To the best of my knowledge Basil is still lost. Someone pointed out yesterday that taking ads for all these people and never knowing if they found their cat/sold their car/found their discreet gentleman for casual fun would eventually drive me mad - that I'd need to know the answers to the stories. Bollocks to that! I will just make them up.

In fact, as I write, Basil is fighting valiantly to escape the claws of a gang of feral cats who found him sunning himself by his front gate and lured him away from home with promises of wild women lady cats is there even a word for this? queens and trained tuna which would leap into his mouth. Now Basil has been drawn deep into the dark underworld of Belfast! Can Basil's long-dormant survival instincts awake in time to save him and Puss, the beautiful, catnip-raddled young tabby desperate to make a new start?
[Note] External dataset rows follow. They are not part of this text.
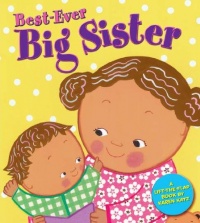 Best-Ever Big Sister Best-Ever Big Sister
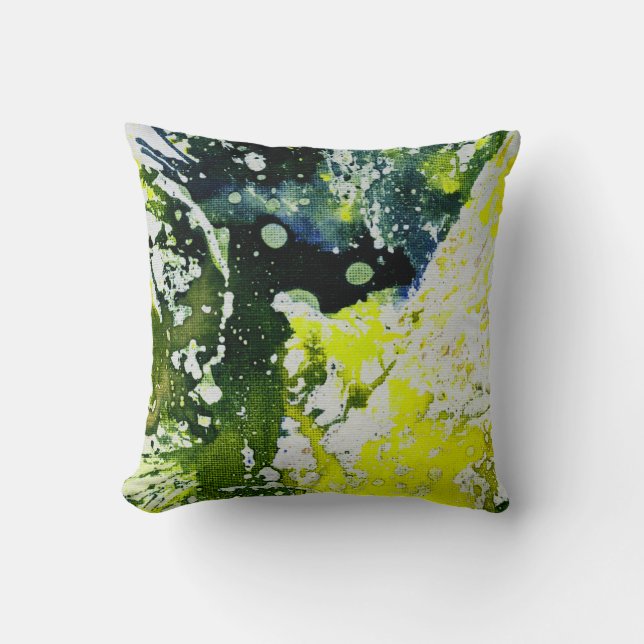 Polychromoptic #12 av Michael Moffa Kudde (Framsida)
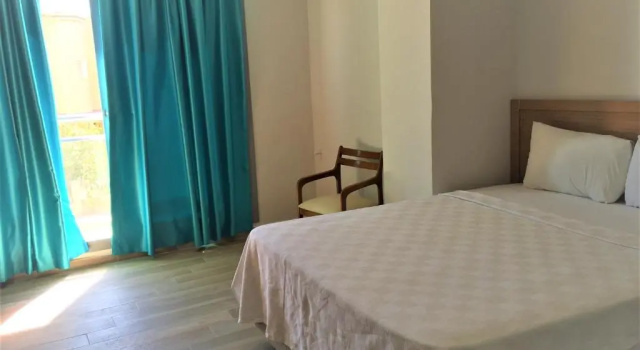 Двухместный номер Standard Dikelya Hotel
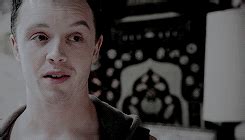 Remind Me Of The Babe Mickey Milkovich Hunt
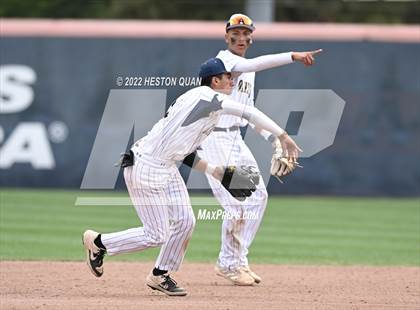 Thumbnail 1 in Estancia vs. Anaheim (CIF-SS D6 Final) photogallery.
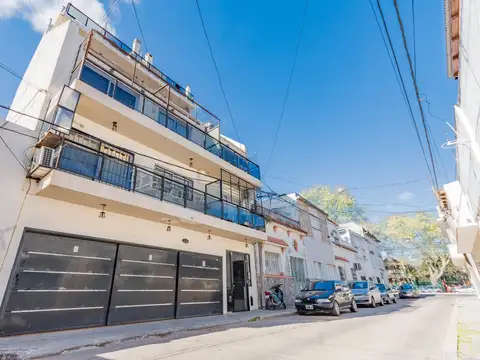 Departamento en Venta en Echesortu, Rosario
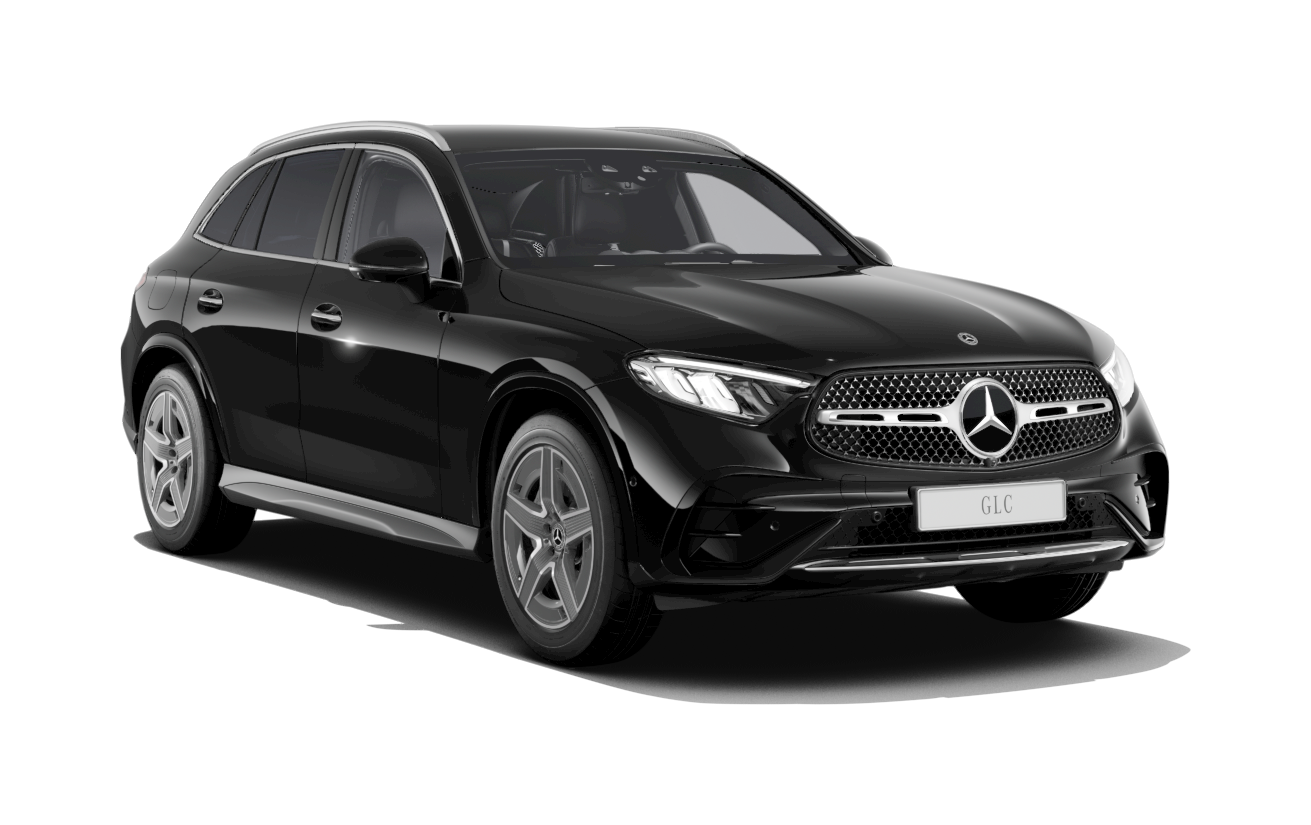 GLC 220 d 4MATIC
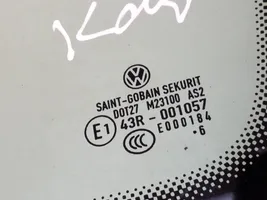 Volkswagen Caddy Szyba przednia karoseryjna trójkątna 2K0845411F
Yes. Yes they can. You go, Basil! We are rooting for you! Nothing else exciting is happening at work except that today I made a really sexy-lookin' ad for a real estate agent (not the one whose ad started with "Look What I've Found!") even though real estate agents, with their bad spelling and poor grammar and inability to remember their account number or fax their ad through more than an hour before deadline, crease me.*

Anyway, have decided that I probably won't get bear tattoo on my bum because what if I farted during the procedure? I'm pretty sure that at some point I would. Imagine the needle driving into your sensitive bottom, which clenches...and then all of a sudden you're in an incredibly awkward social situation. Especially if it was a silent but immensely potent one - how would you even begin to apologise for that? "Sorry about that fart which I didn't apologise for earlier because I thought I might get away with it." It would be kind of OK if you did a really loud "FRRRT POP POP POP POOT**" because you could laugh in a startled fashion, but still, there would be the inescapable fact that you just farted right into someone's face. So the bear tattoo is probably going to be on the inside of my left wrist, and if I fart during the procedure oh well, at least the tattoo artist won't be able to feel the wind rushing across their arm.

Have just remembered that my older sister has a tattoo on her bottom - I wonder if she farted? And if she did, was it awkward? Must bring this up at a family gathering.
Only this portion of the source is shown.